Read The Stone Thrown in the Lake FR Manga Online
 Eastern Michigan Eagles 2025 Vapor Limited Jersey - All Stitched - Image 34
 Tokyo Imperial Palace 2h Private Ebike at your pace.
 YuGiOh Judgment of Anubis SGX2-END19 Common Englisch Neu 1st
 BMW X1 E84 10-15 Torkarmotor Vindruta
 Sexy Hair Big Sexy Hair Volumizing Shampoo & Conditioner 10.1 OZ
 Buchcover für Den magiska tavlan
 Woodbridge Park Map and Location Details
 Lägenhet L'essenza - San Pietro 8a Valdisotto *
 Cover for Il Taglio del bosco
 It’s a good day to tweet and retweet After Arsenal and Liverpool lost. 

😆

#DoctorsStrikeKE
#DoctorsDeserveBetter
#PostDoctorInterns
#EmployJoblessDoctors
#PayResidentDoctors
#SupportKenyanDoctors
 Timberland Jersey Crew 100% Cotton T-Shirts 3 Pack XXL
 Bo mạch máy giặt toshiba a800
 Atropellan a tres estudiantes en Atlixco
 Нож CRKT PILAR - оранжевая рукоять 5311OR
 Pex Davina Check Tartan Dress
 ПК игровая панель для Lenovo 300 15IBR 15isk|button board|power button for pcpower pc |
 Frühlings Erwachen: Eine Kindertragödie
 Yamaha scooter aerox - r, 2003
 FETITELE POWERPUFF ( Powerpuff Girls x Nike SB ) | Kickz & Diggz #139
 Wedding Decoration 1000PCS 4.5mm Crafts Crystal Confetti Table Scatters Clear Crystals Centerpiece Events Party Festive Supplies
_ _ _ _
The required answer is each line of the data in which the word "Jersey" appears.

• _ANSWER SPACE_:
 Eastern Michigan Eagles 2025 Vapor Limited Jersey - All Stitched - Image 34
 Timberland Jersey Crew 100% Cotton T-Shirts 3 Pack XXL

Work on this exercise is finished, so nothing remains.